The issue was that Huhne had a record of offending against the rules of the road — had he been the guilty speeder, he would have incurred a three-month driving ban under the totting-up system. Sadly, our hero managed precisely that in December 2003, having been caught driving along the Old Kent Road, using a mobile phone at the wheel — Vicky became his chauffeuse of necessity.
The parliamentary whizz-kid
Meanwhile, Huhne was selected to be the LibDem candidate for the Eastleigh constituency. This was a plum one: the seat had been held by the LibDem David Chidgely since the by-election following the bizarre death of Tory Stephen Milligan. Know-alls will recollect that self-bondage, autoerotic asphyxia and an orange were involved in that attempt at an Ig Noble award. By a mere whisker (majority 568) Christopher Murray Paul-Huhne was duly elected the member for Eastleigh on 5 May 2005.
The LibDem parliamentary party (suddenly all of 62 MPs) Huhne now joined were not a band of happy bunnies — a few too many over-inflated egos, and an alcoholic leader against whom the rest were plotting. Charles Kennedy promptly appointed Huhne as second-string Treasury spokesman.
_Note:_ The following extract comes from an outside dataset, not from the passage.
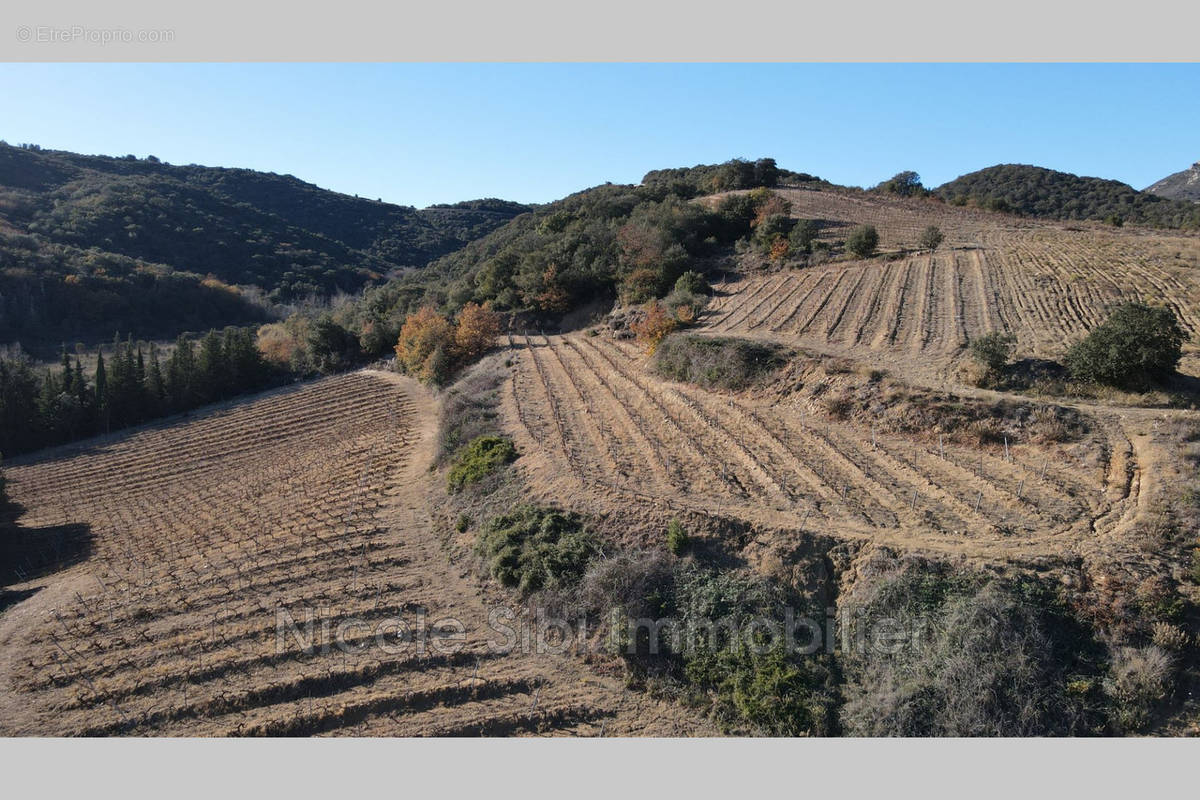 Terrain à RASIGUERES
When Kennedy fell in January 2006 (he had been making a spectacle of doing so, allegedly), Huhne — never one to undervalue his abilities —had himself proposed for the leadership. He ran comfortably ahead of Simon Hughes, but well behind Menzies Campbell. Ming than annointed Huhne to be DEFRA main man.
Ming was felt to be “too old” and out-of-touch with the thrusting image the LibDems wanted for themselves. When Vince Cable went public in October 2007, the old boy went gracefully; and a second round of the LibDem enstoolment contest was under way. Once again it was Huhne to the fore — only to be pipped by just over 2% of the party vote and by his old MEP mate, Nick Clegg (who, quite possibly, was on that Stansted flight — see above — and, some say, in the car driven by the faster-than-a-speeding-Pryce). Clegg accused Huhne of being underhand in his campaign — there was a mysterious document, Calamity Clegg, in circulation, which reached the BBC from Huhne’s office, but — as he maintained — not with his complicity.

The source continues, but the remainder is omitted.